Table 5.
Processing of N. vectensis metatranscriptomes to remove ribosomal RNAs and low-quality sequences.
Process performed on sample for rRNA depletiona | Initial | Reads removed during QC after identification to categories of rRNA or low quality sequence | Final | ||||
---|---|---|---|---|---|---|---|
Total sequence pairs | Large subunit rRNA | Small subunit rRNA | 5S or ITS rRNA | Tandem repeats | Illumina adaptors | Non-ribosomal sequence pair unitsb(% Initial) | |
Poly(A)purist + RNaseH | 1,433,848 | 987,049 | 418,609 | 1358 | 701 | 12,824 | 13,307 (0.92%) |
Poly(A)purist + mRNAonly | 969,506 | 429,858 | 208,186 | 753 | 24,171 | 195,907 | 110,631 (11.40%) |
Poly(A)purist + RNaseH + mRNAonly | 165,5964 | 1,124,016 | 307,443 | 1454 | 1659 | 153,249 | 68,143 (4.11%) |
Poly(A) purist+ MICROBEnrich+ MICROBExpress + mRNAonly | 653,926 | 368,740 | 33,371 | 475 | 3242 | 1592 | 246,506 (37.7%) |
Poly(A) purist + mRNAonly +DSNuclease | 107,964 | 95,649 | 12,188 | 1 | 2 | 7 | 117 (~0.001%) |
Total RNA unprocessed | 1,100,418 | 767,151 | 235,462 | 741 | 3793 | 2550 | 90,721 (8.24%) |
Total analyzed | 5,921,626 | 3,772,463 | 1,215,259 | 4782 | 33,568 | 366,129 | 529,425 (8.9%) |
ITS, Internal Transcribed Spacer.
The processes implemented for depletion of rRNA and non-bacterial mRNA included treatment of total RNA with: (1) RNAseH after hybridization with DNA oligos targeting specific conserved regions of rRNA - RNAseH is an endonuclease that specifically degrades RNA in RNA:DNA hybrids, (2) the MICROBEnrichTM Kit (Ambion Part No. AM1901) and MICROBExpressTM Kit (Ambion Part No. AM1905), a pair of kits that rely on a novel capture oligo hybridization protocol to selectively remove eukaryotic rRNA and Bacterial rRNA respectively, (3) mRNAOnly reagent (Epicenter), an endonuclease-based method that selectively degrades RNAs with 5′-monophosphates, (4) duplex-specific nuclease (DSN) treatment after hybridization with DNA oligos targeting specific conserved regions of rRNA. DSN specifically degrades dsDNA and DNA in DNA:RNA hybrids, and (5) Poly(A)purist kit that relies on use of oligo(dT) cellulose to preferentially bind Poly(A) tails of eukaryotic mRNA. Treatments were used in combinations specified above and kits were implemented according to the manufacturer's protocols.

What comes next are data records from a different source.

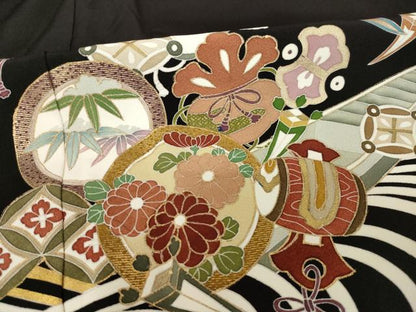 平和屋着物●豪華黒留袖　友禅　作家物　吉祥宝尽くし　やまと誂製　正絹　逸品　AABH7075ck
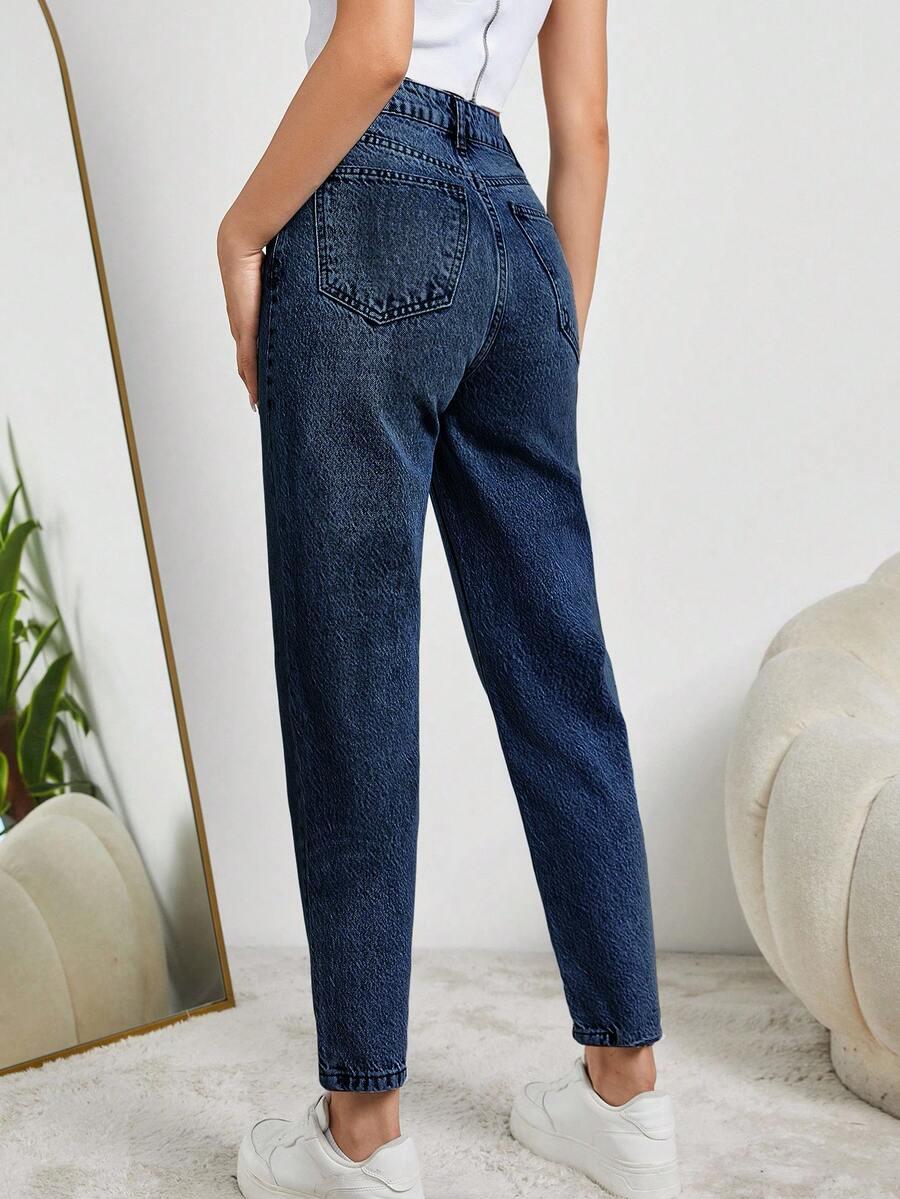 GRANATOWE SPODNIE JEANS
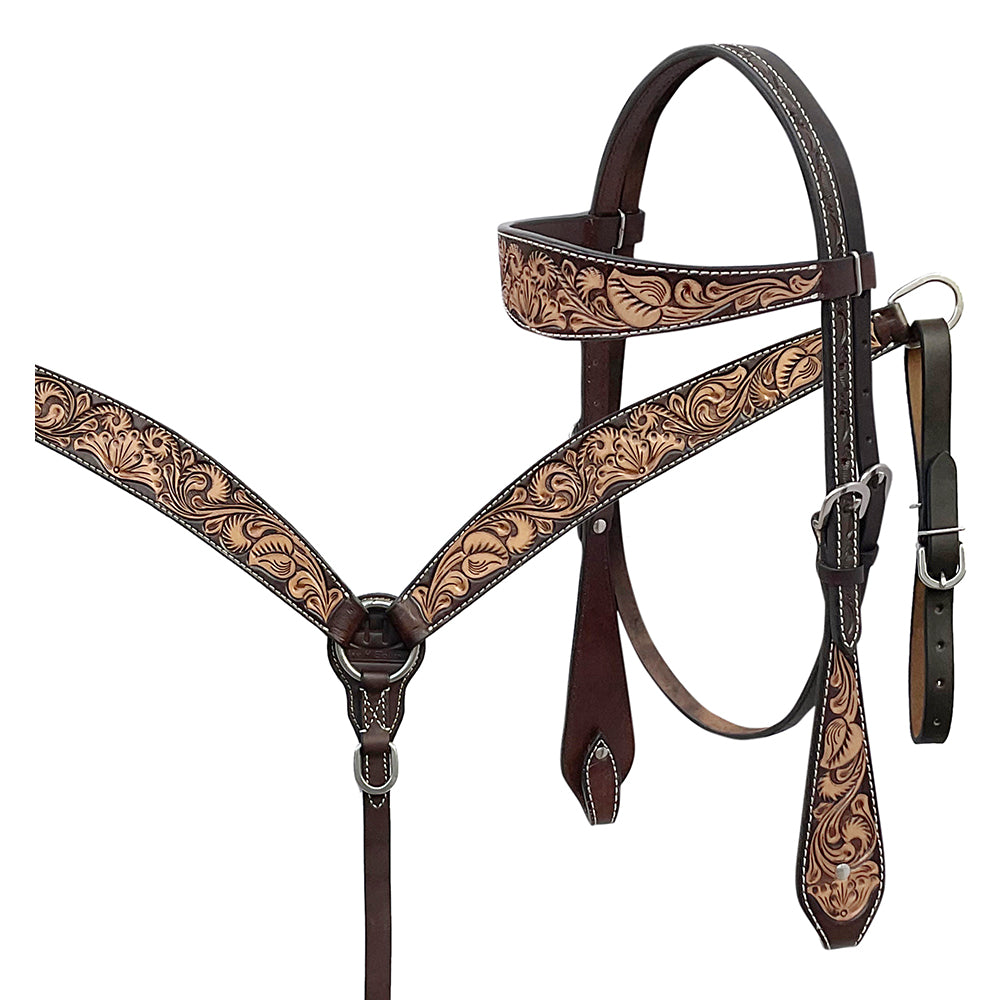 BAR H EQUINE Western Handtooled Leather Horse Headstall & Breast Collar Set | Tack
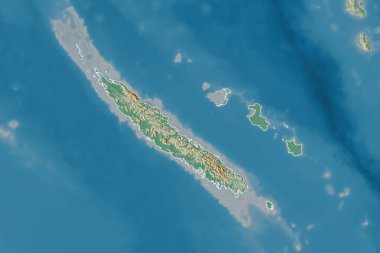 Yeni Kaledonya 'nın genişletilmiş alanı. Topografik yardım haritası. 3B görüntüleme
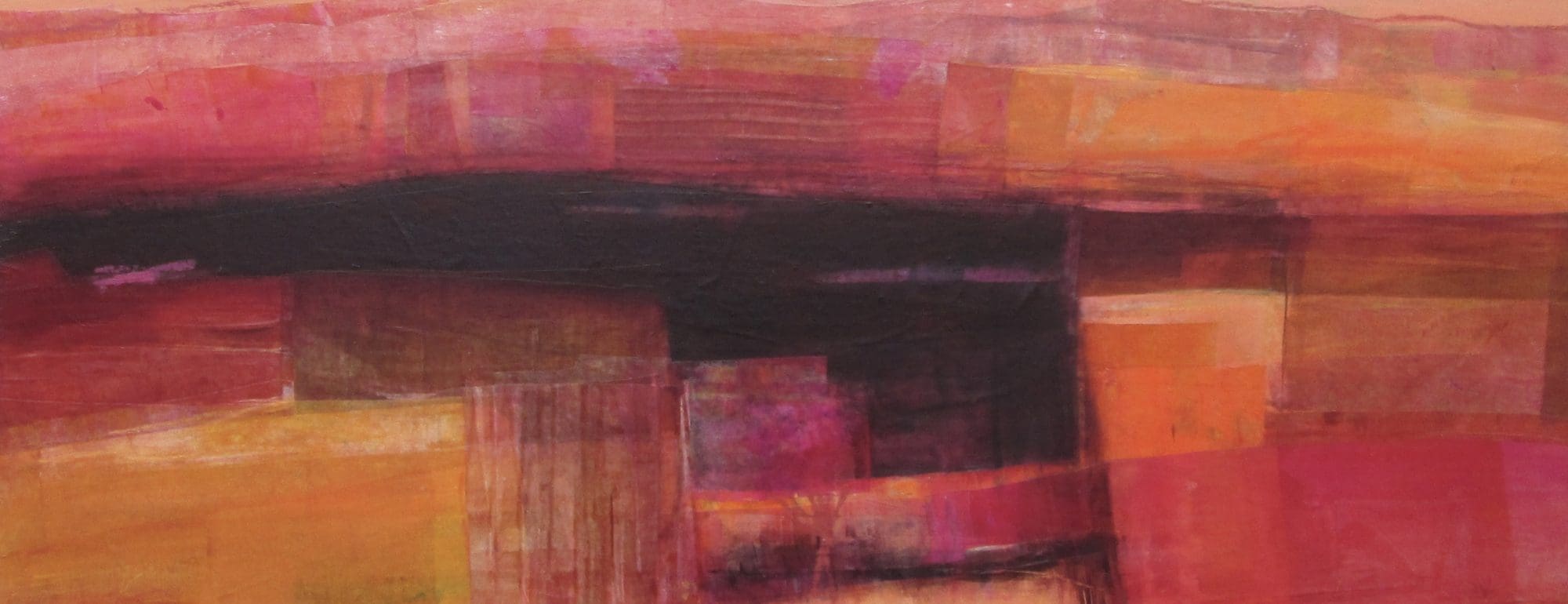 Annie Green, Another year turns, mixed media on canvas, limed wax tray frame, 90x90cm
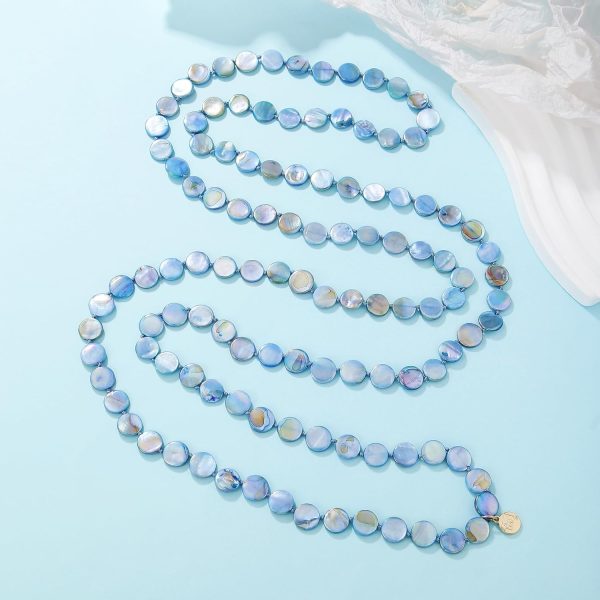 Firstmeet Flat Round Coin Shell Beads Long Knotted Necklace Natural Mother of Pearl Handmade Jewelry For Women - Image 39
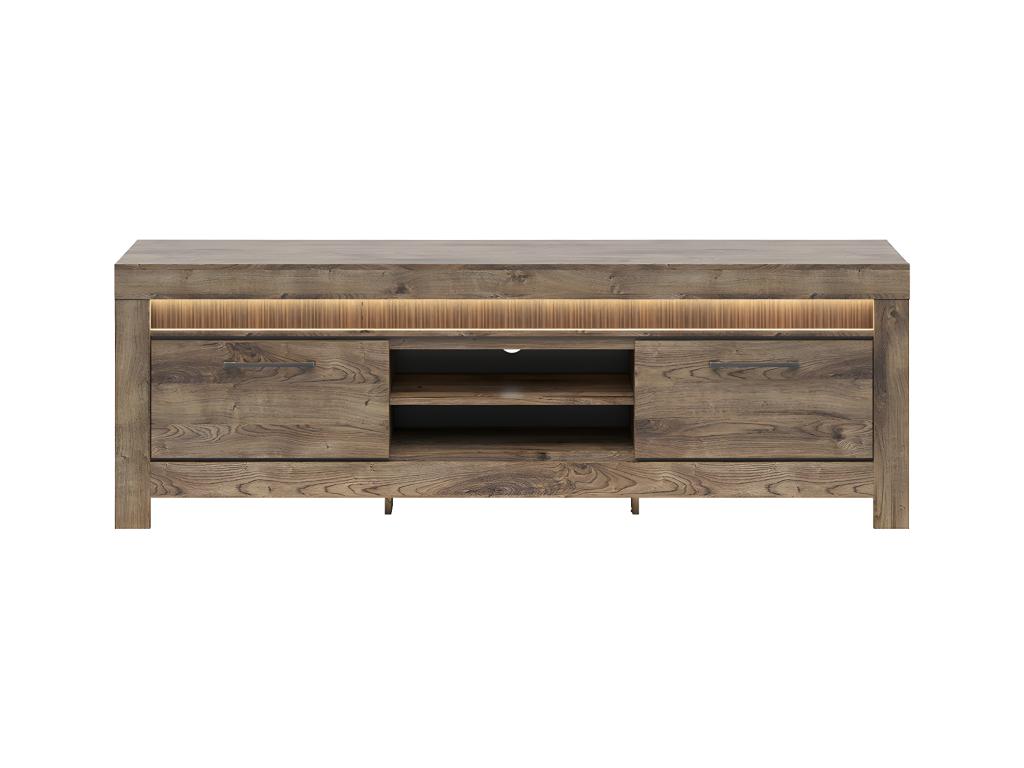 Bohometop 180cm TV Stand with 2 Doors, 2 Shelves, and LED Lighting Included - Wood - 61834JUFE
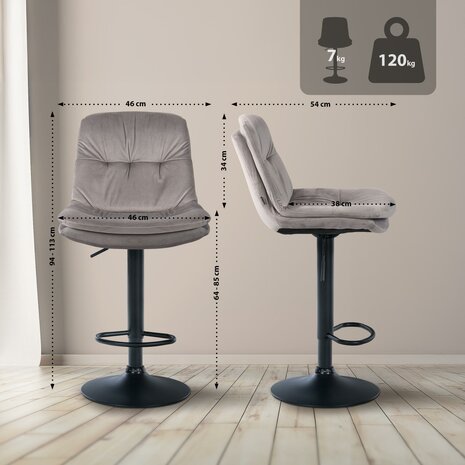 Barkruk Leural Fluweel zwart, Grijs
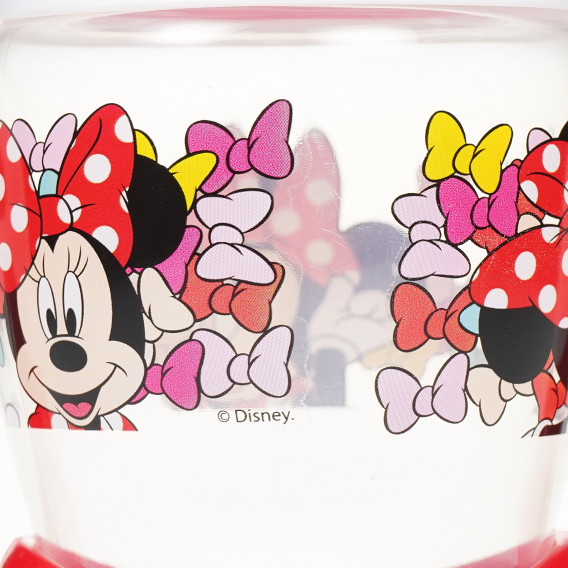 Чаша за малки деца с две червени дръжки и силиконов накрайник за пиене с картинка minnie mouse color bows Minnie Mouse 95344 5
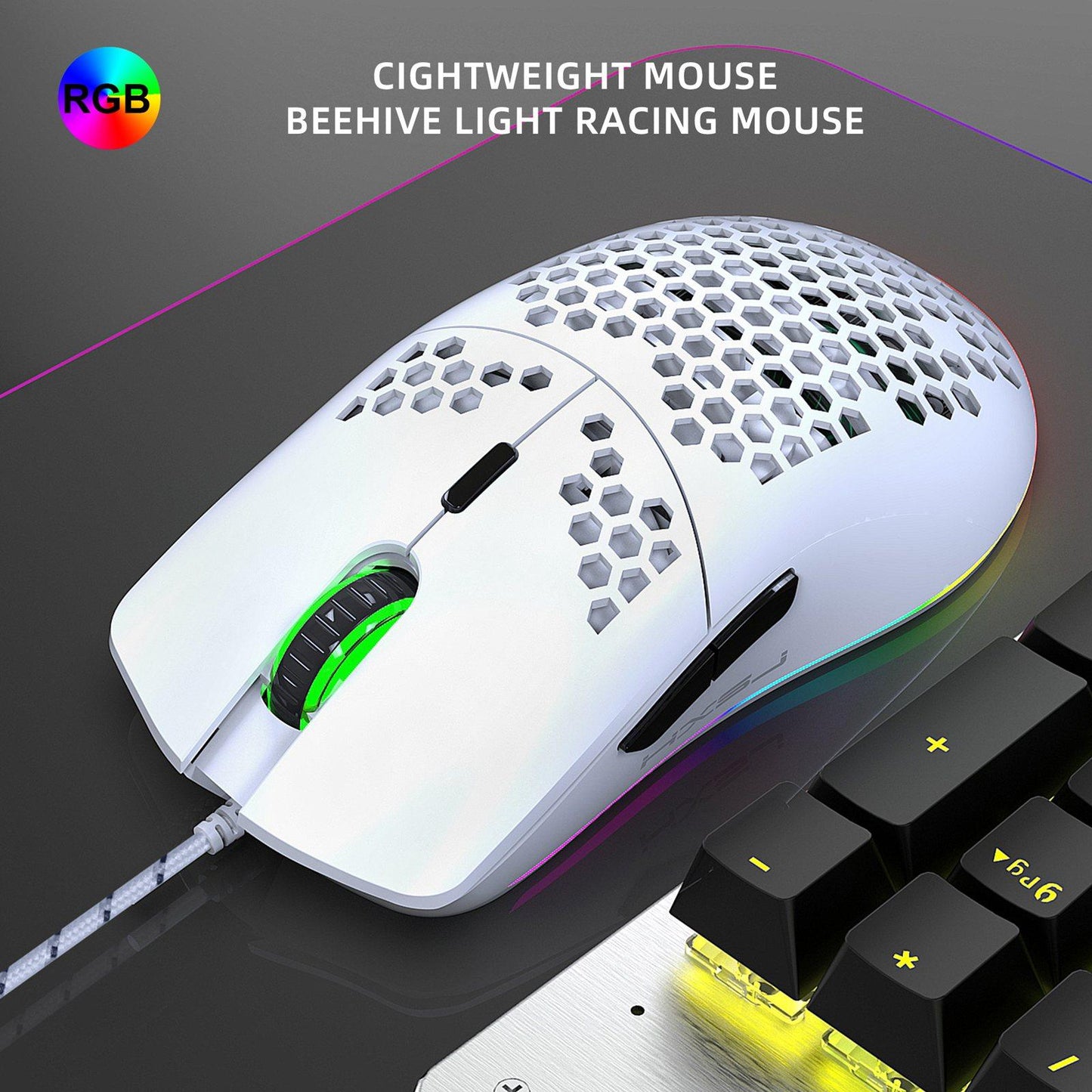 Mini Wired Keyboard RGB Backlit Multi Color 61 Keys Programmable for Laptops White V700W+J900W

A sequence pair unit can be one of three things: (1) A sequence pair whose ends have both made it through filtering. (2) A pair of sequences merged into one sequence because of shared overlapping sequence. (3) A pair of sequences clipped to one sequence because of adaptor contamination.